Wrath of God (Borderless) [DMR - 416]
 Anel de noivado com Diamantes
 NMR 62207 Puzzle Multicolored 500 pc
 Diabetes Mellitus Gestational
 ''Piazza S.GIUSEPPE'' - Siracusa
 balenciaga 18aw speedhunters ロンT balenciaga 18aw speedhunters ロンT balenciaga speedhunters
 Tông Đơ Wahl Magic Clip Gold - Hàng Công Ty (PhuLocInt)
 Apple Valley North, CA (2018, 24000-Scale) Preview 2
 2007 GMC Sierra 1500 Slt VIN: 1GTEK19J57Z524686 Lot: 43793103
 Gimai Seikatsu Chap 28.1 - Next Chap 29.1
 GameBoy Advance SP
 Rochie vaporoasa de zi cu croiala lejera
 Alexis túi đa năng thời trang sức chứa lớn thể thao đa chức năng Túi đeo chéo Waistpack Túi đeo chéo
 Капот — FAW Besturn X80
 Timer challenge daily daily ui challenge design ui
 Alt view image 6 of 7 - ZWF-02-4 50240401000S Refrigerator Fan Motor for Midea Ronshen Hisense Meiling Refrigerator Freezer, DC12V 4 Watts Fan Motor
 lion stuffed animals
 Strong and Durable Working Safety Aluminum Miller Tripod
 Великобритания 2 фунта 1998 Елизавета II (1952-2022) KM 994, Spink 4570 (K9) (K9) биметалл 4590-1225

TASK INSTRUCTIONS » Every line above from the line with "NMR 62207 Puzzle Multicolored 500 pc" to the line with "Rochie vaporoasa de zi cu croiala lejera" is wanted, ends included; write them out exactly and add no other line.

ANSWER TO THIS EXERCISE »
 NMR 62207 Puzzle Multicolored 500 pc
 Diabetes Mellitus Gestational
 ''Piazza S.GIUSEPPE'' - Siracusa
 balenciaga 18aw speedhunters ロンT balenciaga 18aw speedhunters ロンT balenciaga speedhunters
 Tông Đơ Wahl Magic Clip Gold - Hàng Công Ty (PhuLocInt)
 Apple Valley North, CA (2018, 24000-Scale) Preview 2
 2007 GMC Sierra 1500 Slt VIN: 1GTEK19J57Z524686 Lot: 43793103
 Gimai Seikatsu Chap 28.1 - Next Chap 29.1
 GameBoy Advance SP
 Rochie vaporoasa de zi cu croiala lejera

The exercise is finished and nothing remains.